In most of the literature dealing with coopetition, the units of analysis are typically the actors involved in the coopetitive relationship (focal coopeting actors) and there is an underlying assumption that coopetition is somehow deliberately planned by the coopeting actors due to the risks involved in cooperating with a competitor (Pellegrin-Boucher et al., 2013; Tidström, 2008).
However, in many real-world contexts, there are external factors (i.e., political, social, economic, and technological) and stakeholders (i.e., policy makers and regulators) that might set the scene for how economic actors engage in coopetitive interactions during the formation and the development stages of the strategy lifecycle.
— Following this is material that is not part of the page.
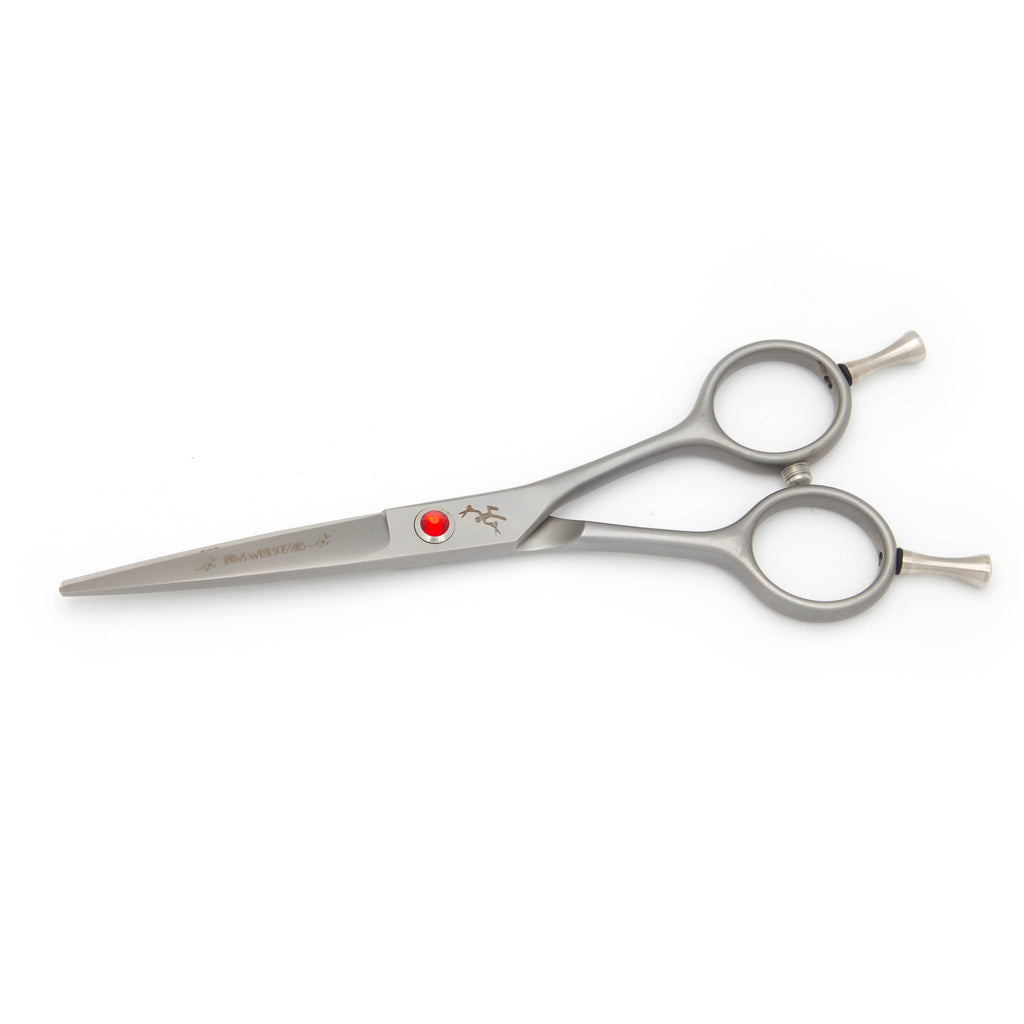 Runs with Scissors "K" Series Straight Grooming Shear - Sharp Shop Guy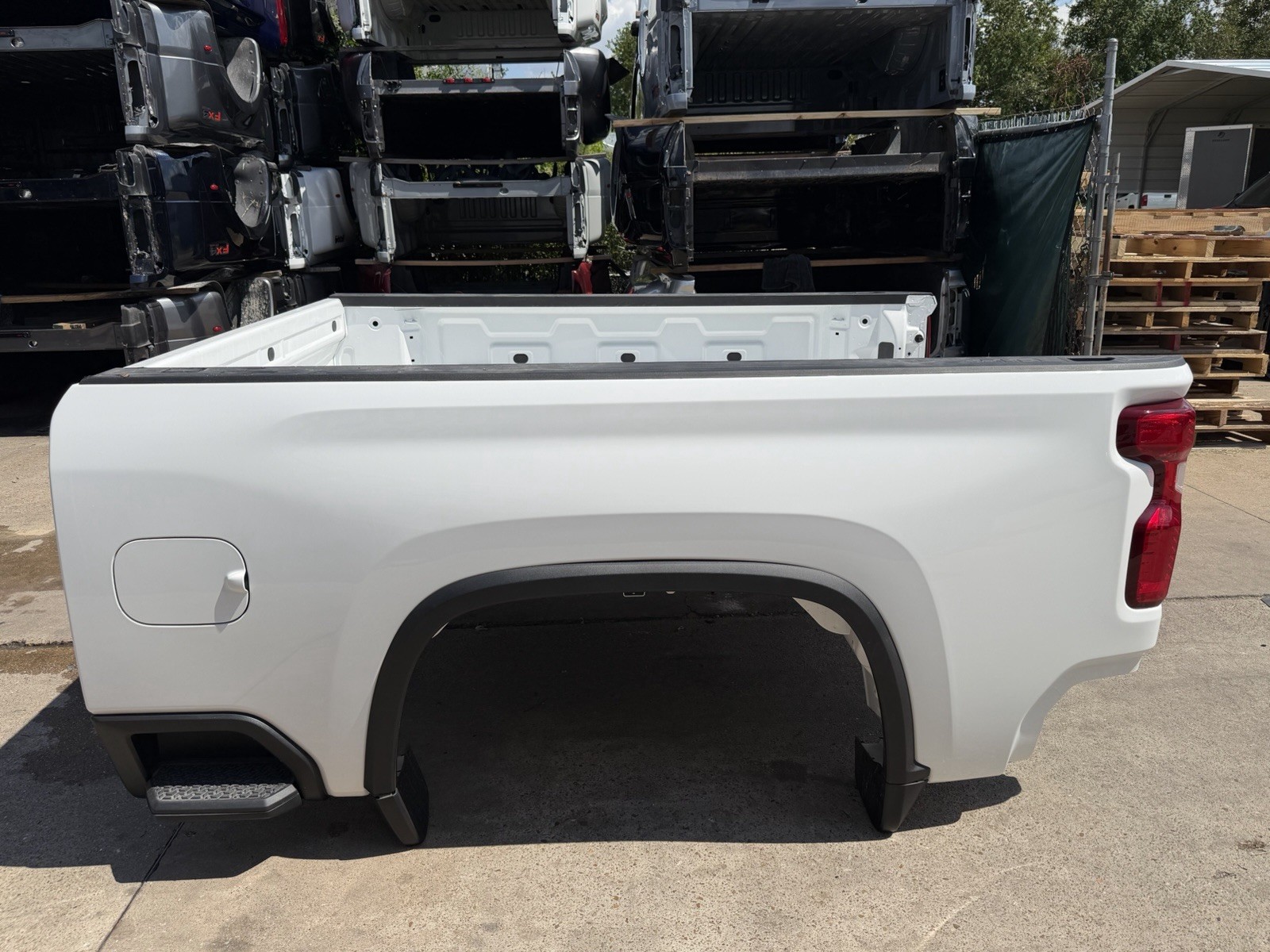 Chevy 2500/3500 Truck Bed at Texas Truck Parts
In certain situations, the very same rules of the game could be modified by regulatory changes (Czakon & Rogalski, 2014; Depeyre & Dumez, 2010; Mariani, 2007), over which individual economic actors have little or no control.
More specifically, a particular subset of external stakeholders, namely policy makers and regulatory agencies in an industry, can introduce new rules or modify the existing ones, thus affecting the way economic actors engage and coopete with each other. In other terms, coopetition is not always and necessarily a by-product of the choice of an economic agent (be it an entrepreneur or a firm), but might be an unintended and unintentional outcome (desired or not) of mandates of external institutional stakeholders (DiMaggio & Powell, 1983).
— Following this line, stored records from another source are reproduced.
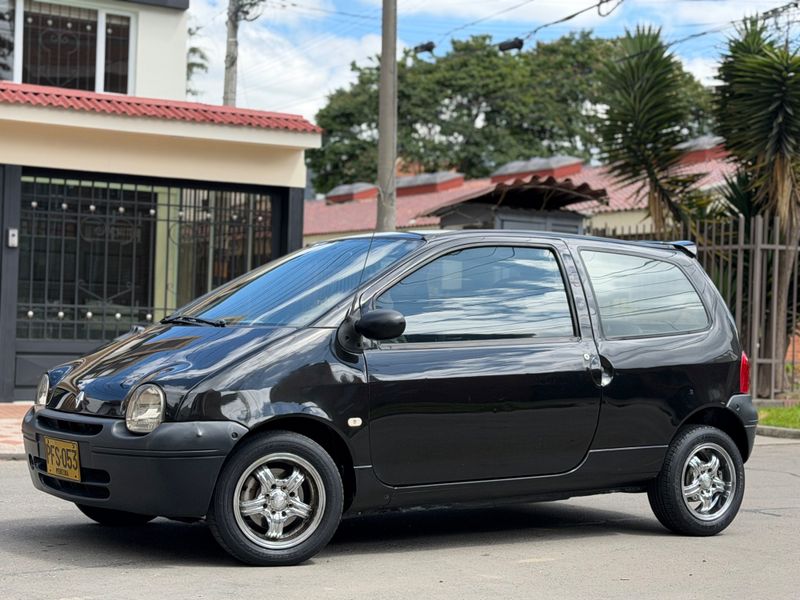 Renault Twingo Access 2011 Segundo Dueno - imagen secundaria 1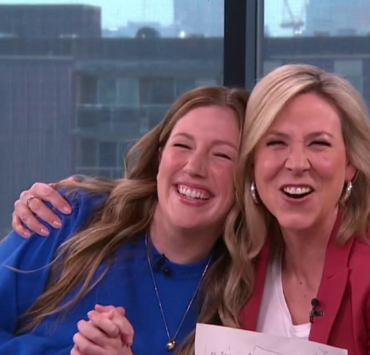 Marie Andrée Leblond, la nouvelle Miss Météo de « Salut Bonjour », partage sa vie avec un visage familier 4 Marie Andrée Leblond, la nouvelle Miss Météo de « Salut Bonjour », partage sa vie avec un visage familier Capture decran 2025 03 14 124644 Marie Andrée Leblond, la nouvelle Miss Météo de « Salut Bonjour », partage sa vie avec un visage familier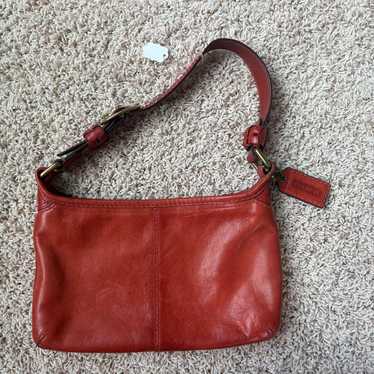 Coach shoulder bag bleecker - Gem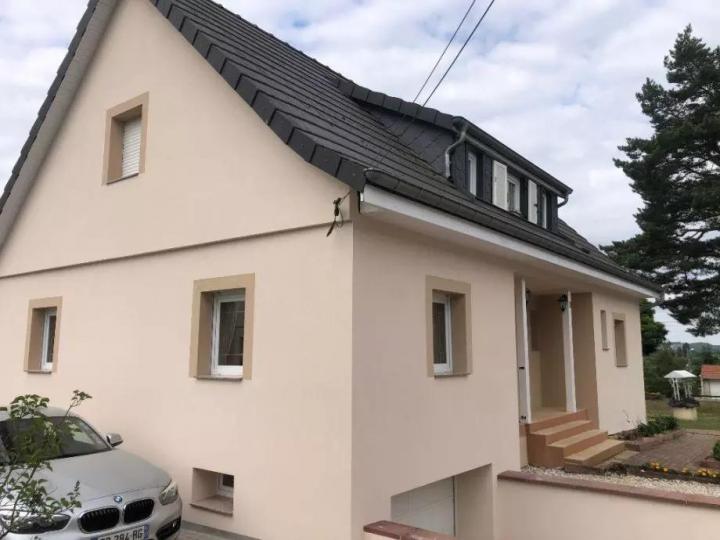 Services d’un peintre Metz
Until 2007, coopetition studies had not sufficiently addressed the aspect of intentionality. The strong assumption was (and still is, in many mainstream coopetitive analyses) that economic actors engaging in coopetitive interactions always act intentionally (Dagnino & Mariani, 2010). However, this is not necessarily the case, especially when external stakeholders such as policy makers and regulators induce an unintended strategic process that contributes to the establishment of coopetitive ties among economic actors. For instance, regulators can influence the institutional environment that might in turn trigger, inhibit, or affect coopetition.
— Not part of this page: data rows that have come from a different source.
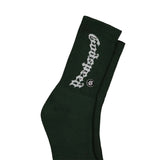 Godspeed OG Logo Sock Green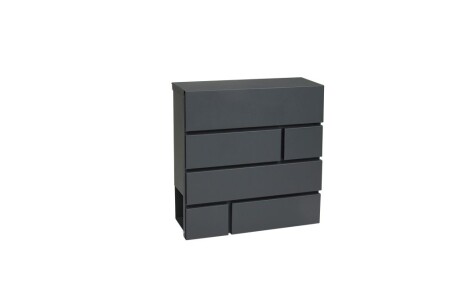 Postaláda RICHTER BK.932.AM (matt antracit)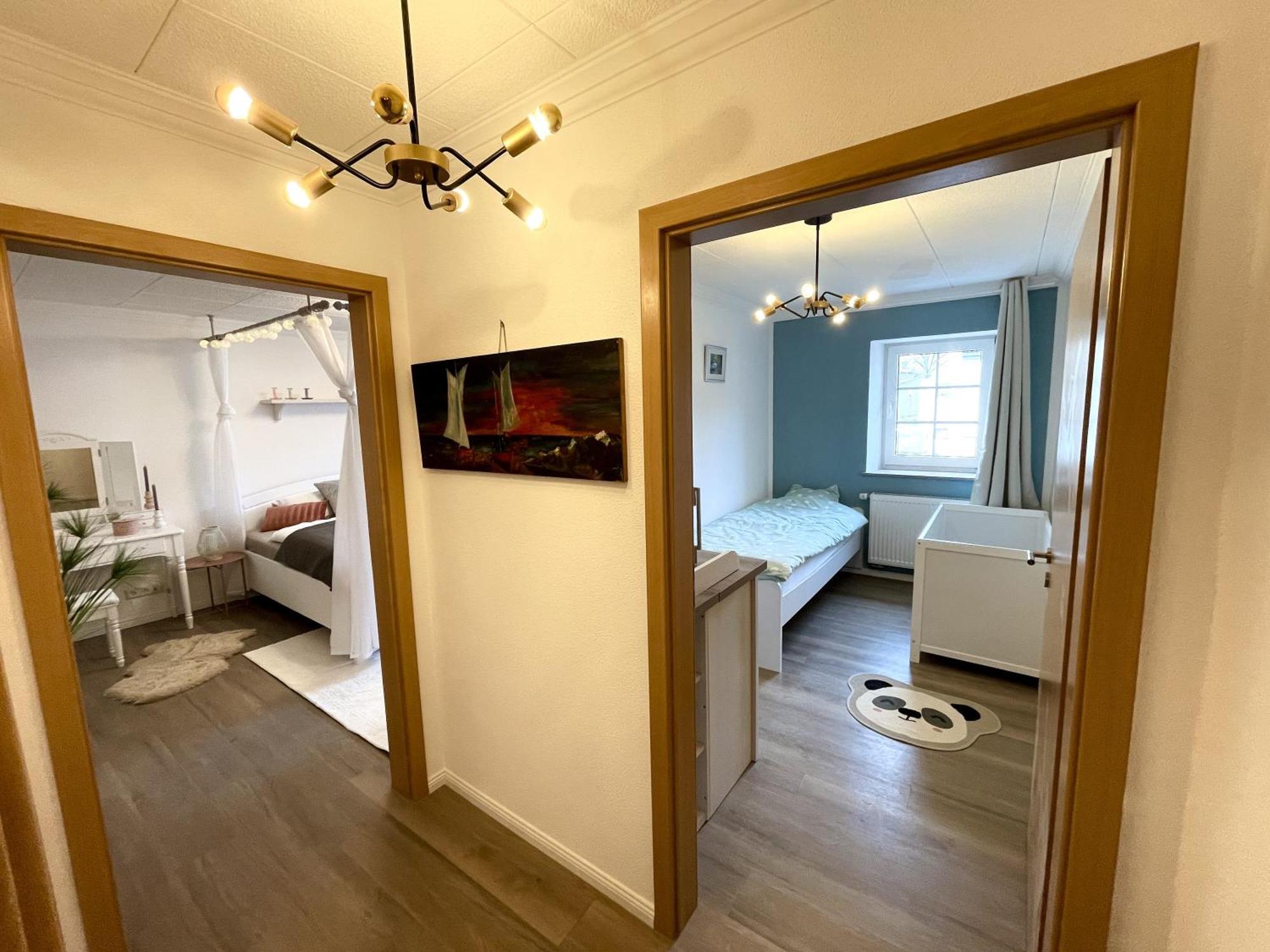 Lot54 Deluxe Apartements Neidenbach Exteriör bild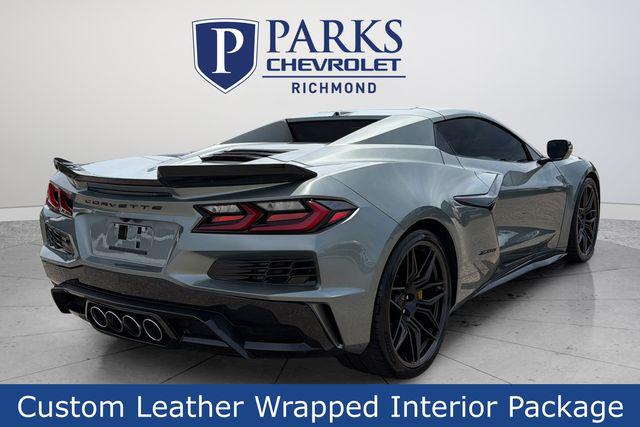 2023 Chevrolet Corvette Z06 RWD Convertible 3LZ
In general, when coopetition is intentional, it can be because of external and/or internal drivers. Similarly, when coopetition is unintentional, it could be because of external and/or internal drivers. In the ensuing paragraph, we will succinctly describe the drivers of coopetition, with a focus on external drivers and, more specifically, external stakeholders.
Drivers of coopetition: A focus on external drivers
In the footsteps of Bengtsson and Raza-Ullah (2016) we can distinguish three partly overlapping categories of coopetition drivers: internal, relation-specific, and external. Internal drivers include firms’ goals, resources, and capabilities. Relation-specific drivers include partner features and relationship characteristics. External drivers encompass influential stakeholders, industrial features, and technological demands. For a complete and updated account of the articles dealing with internal, relation-specific, and external factors we refer to Bengtsson and Raza-Ullah (2016).
In what follows we focus on a few studies related to internal and external drivers, with an emphasis on external ones. Internal drivers encompass internal goals and capabilities, perceived vulnerability, and prospective strategies. They relate to organizational resources and capabilities (Gnyawali & Park, 2009), strategies (Luo, 2007), past experience of coopeting together (Mariani, 2016), and motives related to the improvement of performance (M’Chirgui, 2005). For instance, Gnyawali and Park (2009) underline that for competing SMEs it might be beneficial to cooperate because they can pool resources and capabilities to develop similar technologies in the same market. Luo (2007) suggests that cooperating with rivals might be a suitable strategy to penetrate into new markets. Mariani (2016) points out that past experience of collaboration and coopetition might induce even more coopetition. Based on a study of the smart card industry, M’Chirgui (2005) finds that coopetition can be driven by the quest for better performance.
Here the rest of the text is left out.